* **Data**
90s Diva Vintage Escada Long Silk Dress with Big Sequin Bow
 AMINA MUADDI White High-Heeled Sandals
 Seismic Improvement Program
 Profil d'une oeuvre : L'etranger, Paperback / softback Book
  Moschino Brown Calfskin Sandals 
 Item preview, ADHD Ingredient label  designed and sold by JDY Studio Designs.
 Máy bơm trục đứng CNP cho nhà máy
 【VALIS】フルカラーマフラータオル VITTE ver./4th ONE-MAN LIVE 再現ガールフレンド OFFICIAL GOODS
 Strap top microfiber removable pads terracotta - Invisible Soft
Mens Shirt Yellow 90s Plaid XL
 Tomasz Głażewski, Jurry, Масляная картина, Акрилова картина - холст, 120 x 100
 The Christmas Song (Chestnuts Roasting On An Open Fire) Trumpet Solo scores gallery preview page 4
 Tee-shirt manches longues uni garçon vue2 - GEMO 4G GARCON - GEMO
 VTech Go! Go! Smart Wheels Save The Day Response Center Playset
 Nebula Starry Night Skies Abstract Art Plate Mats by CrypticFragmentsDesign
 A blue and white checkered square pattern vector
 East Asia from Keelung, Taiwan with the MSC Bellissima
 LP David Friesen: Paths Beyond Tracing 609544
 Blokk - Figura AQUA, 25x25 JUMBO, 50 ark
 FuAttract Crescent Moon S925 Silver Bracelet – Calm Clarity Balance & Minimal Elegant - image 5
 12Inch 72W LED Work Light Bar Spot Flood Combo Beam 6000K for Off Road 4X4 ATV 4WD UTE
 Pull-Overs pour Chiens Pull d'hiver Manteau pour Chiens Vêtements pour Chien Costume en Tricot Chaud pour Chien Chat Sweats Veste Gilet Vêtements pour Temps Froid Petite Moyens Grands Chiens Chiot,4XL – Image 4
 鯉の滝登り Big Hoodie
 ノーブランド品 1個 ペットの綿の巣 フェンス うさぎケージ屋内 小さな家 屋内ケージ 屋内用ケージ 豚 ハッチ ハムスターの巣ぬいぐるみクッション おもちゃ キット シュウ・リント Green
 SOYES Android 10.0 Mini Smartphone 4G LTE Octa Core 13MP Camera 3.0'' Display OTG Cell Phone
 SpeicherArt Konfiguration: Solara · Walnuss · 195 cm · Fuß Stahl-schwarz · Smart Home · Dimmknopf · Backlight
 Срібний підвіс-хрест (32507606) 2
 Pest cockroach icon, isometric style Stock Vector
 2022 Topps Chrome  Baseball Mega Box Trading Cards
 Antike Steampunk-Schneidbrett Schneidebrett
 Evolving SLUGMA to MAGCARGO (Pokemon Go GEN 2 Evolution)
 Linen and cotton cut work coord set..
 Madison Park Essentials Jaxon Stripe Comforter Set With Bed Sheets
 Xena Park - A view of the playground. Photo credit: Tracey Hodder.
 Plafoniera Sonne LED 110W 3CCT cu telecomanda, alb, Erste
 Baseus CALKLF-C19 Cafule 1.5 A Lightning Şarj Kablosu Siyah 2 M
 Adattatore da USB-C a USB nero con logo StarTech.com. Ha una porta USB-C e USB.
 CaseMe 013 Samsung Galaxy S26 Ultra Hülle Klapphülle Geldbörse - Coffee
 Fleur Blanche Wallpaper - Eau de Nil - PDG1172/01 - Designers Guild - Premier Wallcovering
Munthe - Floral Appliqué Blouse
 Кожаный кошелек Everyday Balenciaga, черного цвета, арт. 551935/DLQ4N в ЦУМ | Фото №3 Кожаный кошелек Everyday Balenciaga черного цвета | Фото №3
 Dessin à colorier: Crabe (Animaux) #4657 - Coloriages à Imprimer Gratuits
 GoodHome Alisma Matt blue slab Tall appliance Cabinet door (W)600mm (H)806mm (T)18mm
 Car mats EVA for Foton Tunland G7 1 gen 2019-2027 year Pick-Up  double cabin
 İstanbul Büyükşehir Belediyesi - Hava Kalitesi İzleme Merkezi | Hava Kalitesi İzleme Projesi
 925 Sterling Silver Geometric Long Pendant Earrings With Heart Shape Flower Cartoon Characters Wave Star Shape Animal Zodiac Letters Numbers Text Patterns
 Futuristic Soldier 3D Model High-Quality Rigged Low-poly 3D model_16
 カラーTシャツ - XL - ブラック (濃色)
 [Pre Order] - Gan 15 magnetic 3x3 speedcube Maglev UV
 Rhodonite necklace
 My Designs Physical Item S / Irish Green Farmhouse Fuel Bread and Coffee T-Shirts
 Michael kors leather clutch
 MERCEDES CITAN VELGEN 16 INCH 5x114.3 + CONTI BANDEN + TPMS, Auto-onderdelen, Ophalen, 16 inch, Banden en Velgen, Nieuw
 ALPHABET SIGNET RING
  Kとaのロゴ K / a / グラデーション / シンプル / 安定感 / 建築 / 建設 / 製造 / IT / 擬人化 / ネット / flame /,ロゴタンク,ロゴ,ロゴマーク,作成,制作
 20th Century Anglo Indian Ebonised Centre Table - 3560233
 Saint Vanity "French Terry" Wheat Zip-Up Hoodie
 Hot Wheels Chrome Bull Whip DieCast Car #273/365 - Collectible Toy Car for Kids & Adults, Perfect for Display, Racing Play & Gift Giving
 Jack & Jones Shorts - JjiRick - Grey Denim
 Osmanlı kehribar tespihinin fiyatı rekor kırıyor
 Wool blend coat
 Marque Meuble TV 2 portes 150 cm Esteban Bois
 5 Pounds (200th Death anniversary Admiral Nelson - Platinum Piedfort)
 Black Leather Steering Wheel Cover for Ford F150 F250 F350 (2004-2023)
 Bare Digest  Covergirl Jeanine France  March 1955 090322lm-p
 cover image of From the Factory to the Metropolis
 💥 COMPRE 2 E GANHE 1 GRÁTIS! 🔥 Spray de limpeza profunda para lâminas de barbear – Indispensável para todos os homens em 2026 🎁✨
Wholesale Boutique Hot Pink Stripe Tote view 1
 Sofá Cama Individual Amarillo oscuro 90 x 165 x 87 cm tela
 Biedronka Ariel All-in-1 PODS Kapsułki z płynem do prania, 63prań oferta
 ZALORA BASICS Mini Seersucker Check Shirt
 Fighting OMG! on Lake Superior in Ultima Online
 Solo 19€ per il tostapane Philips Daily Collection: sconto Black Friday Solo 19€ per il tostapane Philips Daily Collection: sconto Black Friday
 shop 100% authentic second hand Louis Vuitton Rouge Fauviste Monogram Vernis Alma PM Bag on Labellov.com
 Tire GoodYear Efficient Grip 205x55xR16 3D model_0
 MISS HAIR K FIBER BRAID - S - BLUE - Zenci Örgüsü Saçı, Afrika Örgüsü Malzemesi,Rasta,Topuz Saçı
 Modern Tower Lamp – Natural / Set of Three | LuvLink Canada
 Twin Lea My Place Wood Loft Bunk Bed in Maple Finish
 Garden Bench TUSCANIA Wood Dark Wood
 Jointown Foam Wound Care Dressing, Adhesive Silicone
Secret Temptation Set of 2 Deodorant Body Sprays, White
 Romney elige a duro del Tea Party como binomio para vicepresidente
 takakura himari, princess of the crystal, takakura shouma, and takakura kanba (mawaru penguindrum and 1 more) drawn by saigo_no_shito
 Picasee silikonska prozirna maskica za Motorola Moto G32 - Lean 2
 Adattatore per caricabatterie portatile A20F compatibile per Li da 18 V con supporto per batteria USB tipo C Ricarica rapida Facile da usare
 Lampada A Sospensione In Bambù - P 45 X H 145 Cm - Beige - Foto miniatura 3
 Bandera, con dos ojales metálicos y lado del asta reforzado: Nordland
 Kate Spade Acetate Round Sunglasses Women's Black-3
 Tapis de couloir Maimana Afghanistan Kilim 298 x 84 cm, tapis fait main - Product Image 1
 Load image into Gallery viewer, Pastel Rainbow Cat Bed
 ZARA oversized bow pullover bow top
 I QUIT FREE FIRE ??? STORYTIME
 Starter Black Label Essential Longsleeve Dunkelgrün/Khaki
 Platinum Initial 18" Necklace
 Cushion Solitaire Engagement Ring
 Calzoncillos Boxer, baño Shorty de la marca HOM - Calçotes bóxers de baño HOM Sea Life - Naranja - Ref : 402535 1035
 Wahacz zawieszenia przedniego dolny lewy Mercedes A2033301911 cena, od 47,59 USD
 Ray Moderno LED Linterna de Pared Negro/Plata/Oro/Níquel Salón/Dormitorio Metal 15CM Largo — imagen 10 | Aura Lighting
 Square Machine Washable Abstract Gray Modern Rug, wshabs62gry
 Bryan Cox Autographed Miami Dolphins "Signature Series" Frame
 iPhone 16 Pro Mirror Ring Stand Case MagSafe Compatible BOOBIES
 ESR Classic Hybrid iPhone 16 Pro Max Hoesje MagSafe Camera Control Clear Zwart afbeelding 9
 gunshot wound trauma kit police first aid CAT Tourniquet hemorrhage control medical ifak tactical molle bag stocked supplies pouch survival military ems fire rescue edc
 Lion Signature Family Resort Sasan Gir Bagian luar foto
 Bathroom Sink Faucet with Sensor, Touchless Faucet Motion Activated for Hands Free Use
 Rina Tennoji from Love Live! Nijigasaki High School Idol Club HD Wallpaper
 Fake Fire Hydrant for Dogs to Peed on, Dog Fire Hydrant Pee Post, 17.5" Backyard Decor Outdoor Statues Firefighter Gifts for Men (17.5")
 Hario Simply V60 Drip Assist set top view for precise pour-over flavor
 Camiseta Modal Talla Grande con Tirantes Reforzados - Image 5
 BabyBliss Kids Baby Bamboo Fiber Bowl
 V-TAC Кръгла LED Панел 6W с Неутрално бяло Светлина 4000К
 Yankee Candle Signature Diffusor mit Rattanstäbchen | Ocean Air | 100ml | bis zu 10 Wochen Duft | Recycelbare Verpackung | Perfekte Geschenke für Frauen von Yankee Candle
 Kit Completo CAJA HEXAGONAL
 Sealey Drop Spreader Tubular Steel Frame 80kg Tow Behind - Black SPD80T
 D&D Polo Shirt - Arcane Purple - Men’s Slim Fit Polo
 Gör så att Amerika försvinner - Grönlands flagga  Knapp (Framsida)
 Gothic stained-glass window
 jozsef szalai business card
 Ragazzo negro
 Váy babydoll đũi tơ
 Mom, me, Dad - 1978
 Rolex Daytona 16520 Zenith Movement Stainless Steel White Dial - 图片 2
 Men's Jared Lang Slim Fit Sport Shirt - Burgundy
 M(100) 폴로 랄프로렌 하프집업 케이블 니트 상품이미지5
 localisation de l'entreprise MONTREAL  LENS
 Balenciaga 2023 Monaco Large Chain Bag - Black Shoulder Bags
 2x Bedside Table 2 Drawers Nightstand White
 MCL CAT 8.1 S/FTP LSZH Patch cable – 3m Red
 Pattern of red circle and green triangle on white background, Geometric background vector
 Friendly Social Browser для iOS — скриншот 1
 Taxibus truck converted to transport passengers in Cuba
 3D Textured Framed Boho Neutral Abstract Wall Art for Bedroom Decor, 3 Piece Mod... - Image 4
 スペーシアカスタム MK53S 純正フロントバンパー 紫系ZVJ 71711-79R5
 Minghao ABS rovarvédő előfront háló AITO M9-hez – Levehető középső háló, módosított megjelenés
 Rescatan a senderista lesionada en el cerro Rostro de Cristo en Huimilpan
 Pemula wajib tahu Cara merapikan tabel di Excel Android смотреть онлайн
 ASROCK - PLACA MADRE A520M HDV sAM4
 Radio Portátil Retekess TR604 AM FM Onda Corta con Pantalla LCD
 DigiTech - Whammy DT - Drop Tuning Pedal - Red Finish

* **Task**
Reproduce exactly, and with no other material, the lines between those holding "Item preview, ADHD" and "Blokk - Figura AQUA, 25x25 JUMBO, 50 ark", inclusive.

* **Exercise result**
 Item preview, ADHD Ingredient label  designed and sold by JDY Studio Designs.
 Máy bơm trục đứng CNP cho nhà máy
 【VALIS】フルカラーマフラータオル VITTE ver./4th ONE-MAN LIVE 再現ガールフレンド OFFICIAL GOODS
 Strap top microfiber removable pads terracotta - Invisible Soft
Mens Shirt Yellow 90s Plaid XL
 Tomasz Głażewski, Jurry, Масляная картина, Акрилова картина - холст, 120 x 100
 The Christmas Song (Chestnuts Roasting On An Open Fire) Trumpet Solo scores gallery preview page 4
 Tee-shirt manches longues uni garçon vue2 - GEMO 4G GARCON - GEMO
 VTech Go! Go! Smart Wheels Save The Day Response Center Playset
 Nebula Starry Night Skies Abstract Art Plate Mats by CrypticFragmentsDesign
 A blue and white checkered square pattern vector
 East Asia from Keelung, Taiwan with the MSC Bellissima
 LP David Friesen: Paths Beyond Tracing 609544
 Blokk - Figura AQUA, 25x25 JUMBO, 50 ark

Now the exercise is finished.